[Provided data]:
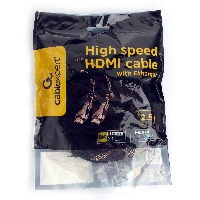 Кабель HDMI Cablexpert CCP-HDMI8K-2.5M, 2.5м, v2.1, 8K, 19M/19M, черный, позол.разъемы, экран, пакет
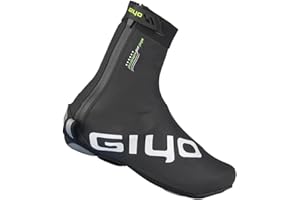 SWZEC Cycling Shoe Covers Winter Waterproof Windproof Men's Warm Bicycle Bike Overshoes Neoprene Reflective Design Unisex Size 5-13.5 UK
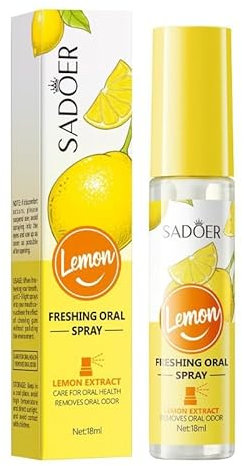 Lemon-Flavoured, Alcohol-Free Oral Spray Delivers Instant, Long-Lasting Fresh Breath in a Compact 18 ml Travel-Friendly Bottle.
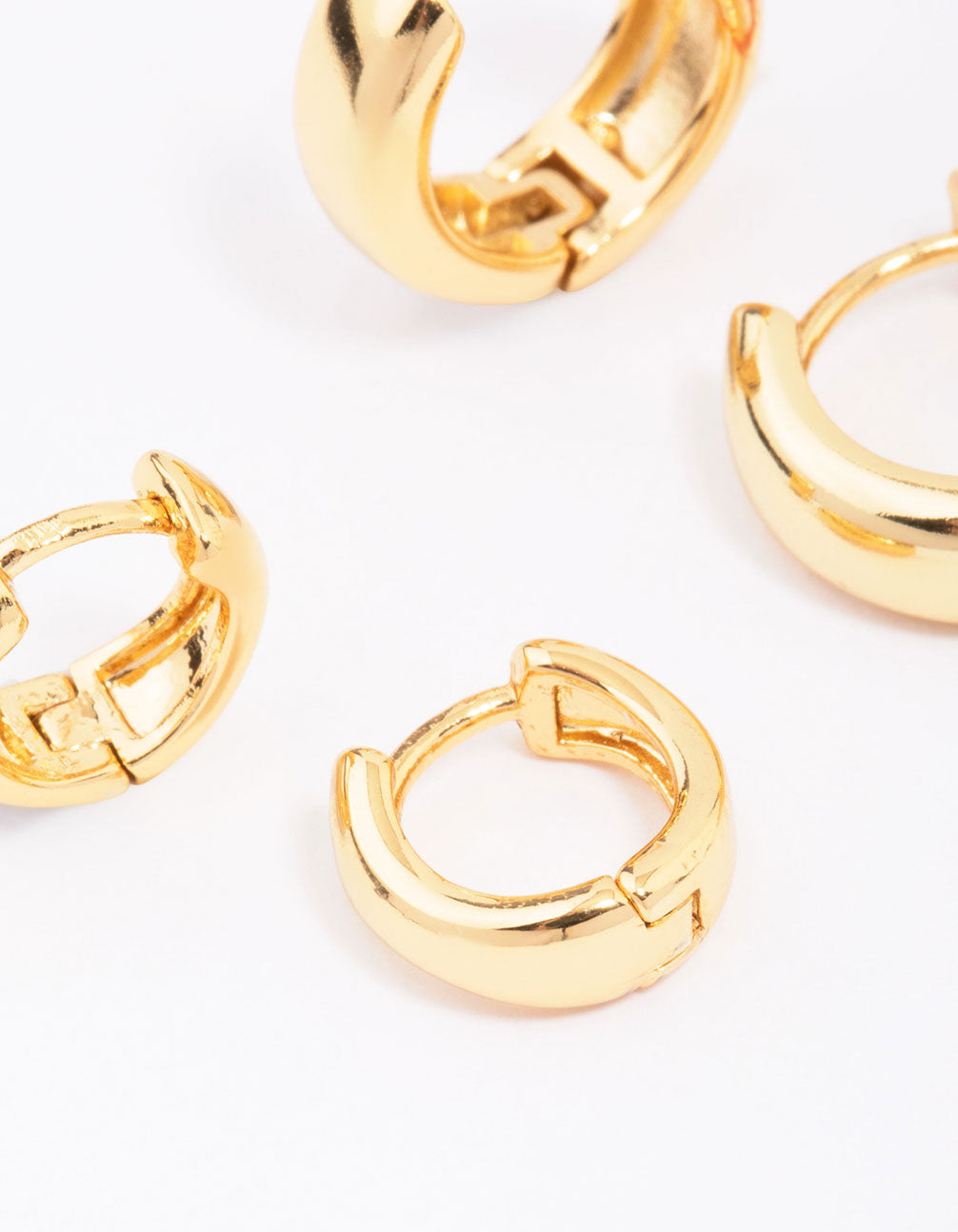 Lovisa Gold Plated Graduating Hoop Earring 3-pack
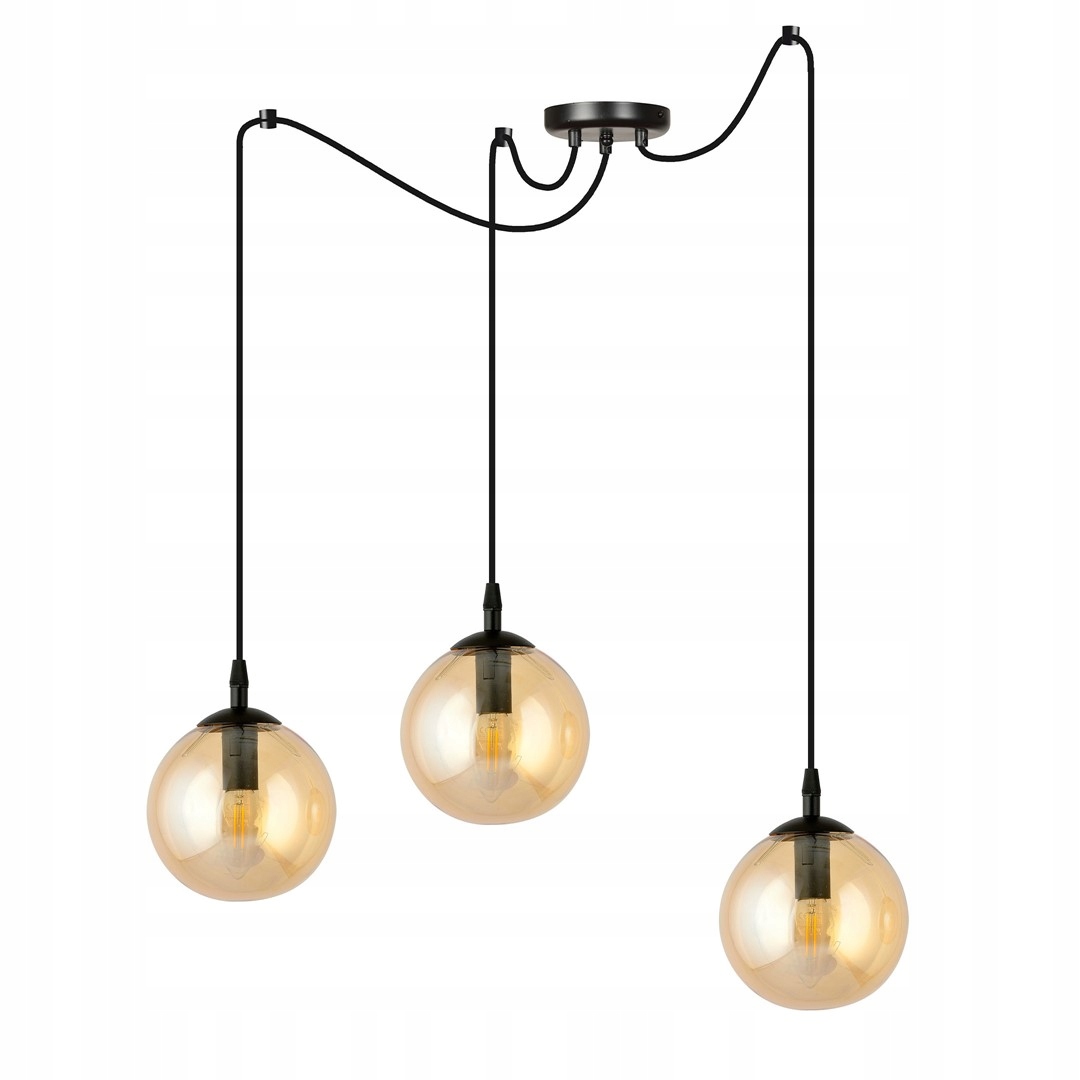 Závěsná lampa pavouk Emibig Gigi 3 medová do obývacího pokoje, jídelny, ložnice, kuchyně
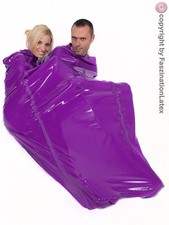 Latex Schlafsack Doppelschlafsack für ZWEI - "TRÄUMEN in LATEX" - in LILA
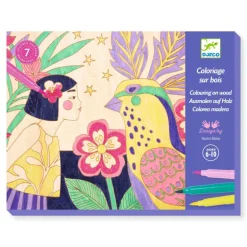 Coffret coloriage sur bois "Sweet girls" 8738<Djeco Cheap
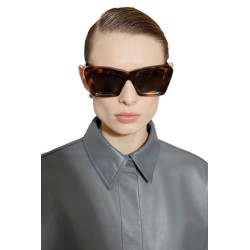 beveled cateye sunglasses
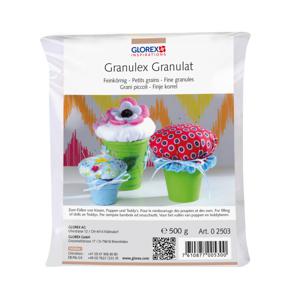 Glorex Hobby vulmateriaal - 500 gram voor knuffels/kussens - wit - Granulex fijne korrels   -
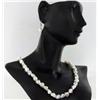 White Baroque Saltwater Pearl Necklace & Earrings (JEW-1829)
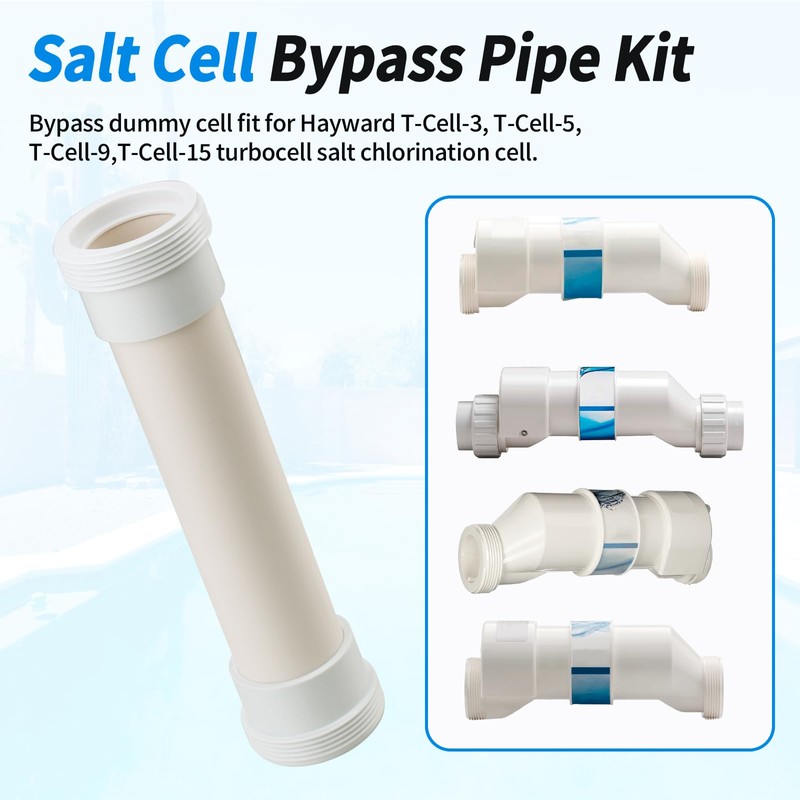Salt Cell Bypass Pipe Kit for Hayward Turbo Cell Salt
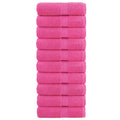 Vidaxl premium washandjes solund 10 stuks roze 30x30 cm 600 g m²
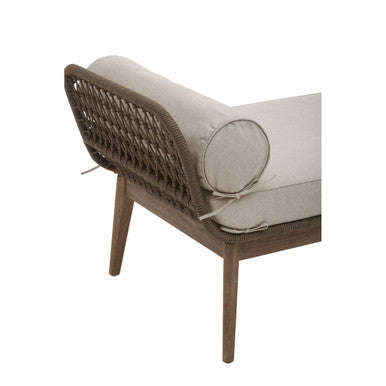Orsina Opus Rope Woven Lounge Bench with Cushions – Natural Cream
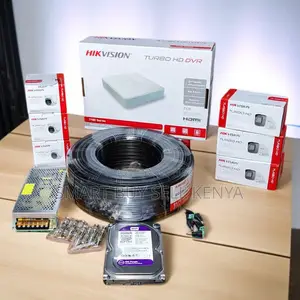Hikvision 6 Turbo Hd 2mp CCTV Multi User Access Complete System Kit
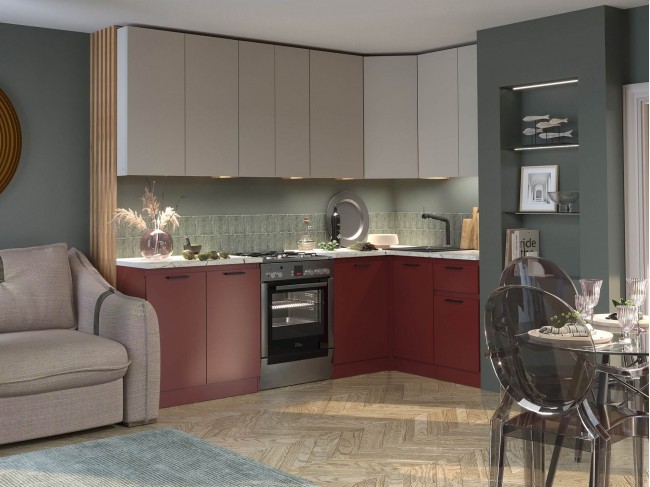 Кухня угловая Ревилья 03 2500/1400 без столешницы фото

[Problem statement]: Please extract exactly the lines of the data, from the first through the line containing "SWZEC Cycling Shoe", and add no pictures to the copy.

[Exercise response]:
 Кабель HDMI Cablexpert CCP-HDMI8K-2.5M, 2.5м, v2.1, 8K, 19M/19M, черный, позол.разъемы, экран, пакет
 SWZEC Cycling Shoe Covers Winter Waterproof Windproof Men's Warm Bicycle Bike Overshoes Neoprene Reflective Design Unisex Size 5-13.5 UK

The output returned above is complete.